The Pentagon has not discussed an alternate strategy for Iraq if the surge does not produce the desired results, the Washington Post reports. Peter Pace, Joint Chiefs chairman, parries such questions with the response that "Marines don't talk about failure," and that "Plan B is to make Plan A work":

In the weeks since Bush announced the new plan for Iraq -- including an increase of 21,500 U.S. combat troops, additional reconstruction assistance and stepped-up pressure on the Iraqi government -- senior officials have rebuffed questions about other options in the event of failure. Eager to appear resolute and reluctant to provide fodder for skeptics, they have responded with a mix of optimism and evasion.

Even if the administration is not talking about Plan B, the subject is on a lot of minds inside and outside the government. "I would be irresponsible if I weren't thinking about what the alternatives might be," Defense Secretary Robert M. Gates acknowledged last month to Congress, where many favor gradual or immediate withdrawal.

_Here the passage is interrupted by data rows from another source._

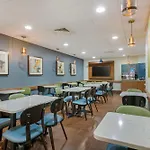 Best Western Plus Universal Inn - Newly Renovated!
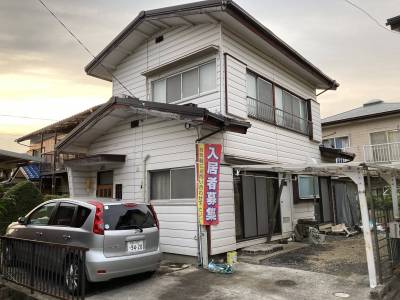 駐車場3台まで可能です
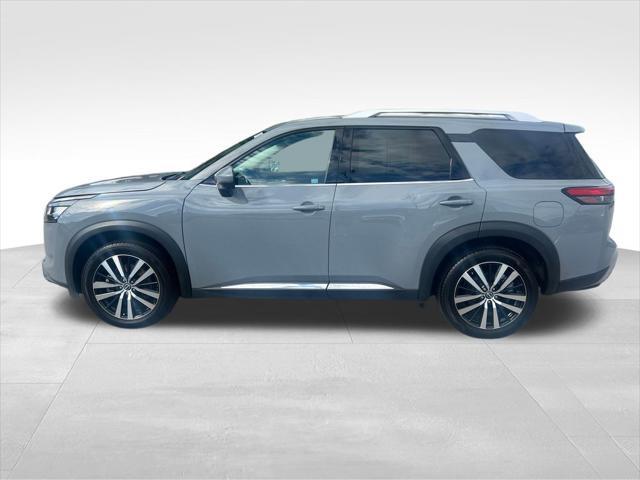 used 2023 Nissan Pathfinder car, priced at $39,987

Gates did not elaborate. Several administration officials, while insisting that a wide range of options was discussed before Bush's Jan. 10 announcement, firmly closed the door on the subject of fallback plans. "I don't think anyone is going to be inclined to discuss any contingency-type planning," said National Security Council spokesman Gordon Johndroe.

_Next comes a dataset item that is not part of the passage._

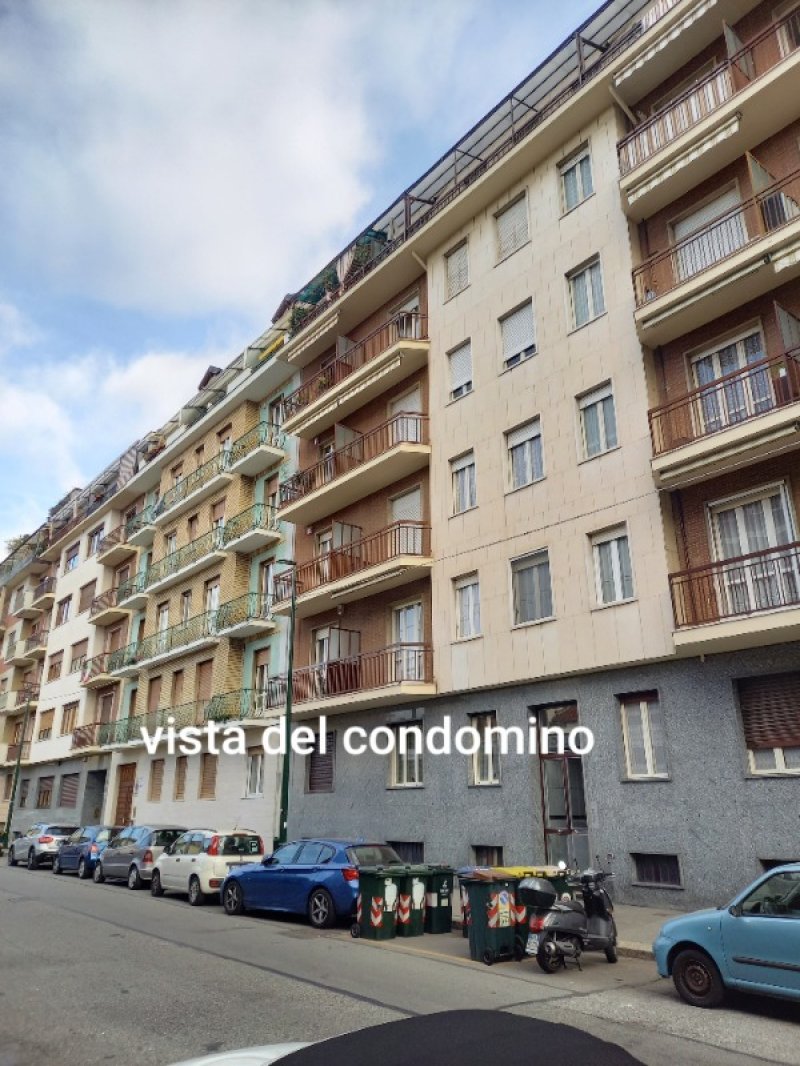 Torino zona Pozzo Strada appartamento a Torino in Vendita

The Pentagon warplans and games strategies and scenarios on a constant basis. They have a number of options on the table; that much was true when Bush decided on the surge. Staff officers and the White House will have them prioritized and ready for implementation when needed.

But that's not really the point of this article. Anyone who understands military operations would know that a multiplicity of alternatives have already been discussed, formulated, and selected. This article is of a piece with the meme of the last couple of years: that Bush could not admit mistakes. It's a transparent catch-22. If the Bush administration refuses to discuss the alternatives, then the media can say they have no fallback plans. If they start discussing the alternatives, their political opponents can use them to insist on transitioning to the fallbacks immediately.

The Post also reports on the rise of an old term in Iraqi security policy: containment. That plan would have the US pull back from major population centers in order to allow the Iraqis to have their civil war, while we blockade the borders to make sure no one else interferes. That certainly could be one of the alternatives to the surge, but it's easy to see why it wasn't adopted. It would put hostile forces on both sides of a stretched-out American line around the Syrian and Iranian borders, and would almost certainly get defunded by Congress as an inappropriate use of American military forces.

Another plan would be to pull back to the Kurdish area in the north and fight al-Qaeda in Anbar, leaving Maliki to sink or swim on his own in the rest of Iraq. It sounds good, but one look at the map shows the limitations of that idea. There are no good lines of communication into those areas without some control in the south. We're currently using the Gulf ports, Kuwait, and Qatar for our logistics. If we abandon the east and south, we make resupply and logistics exponentially more difficult.

Perhaps this is why other options don't get much discussion from the Pentagon. Winning the war and ending the violence in Baghdad remains the best policy. Plan B should focus on making that Plan A successful.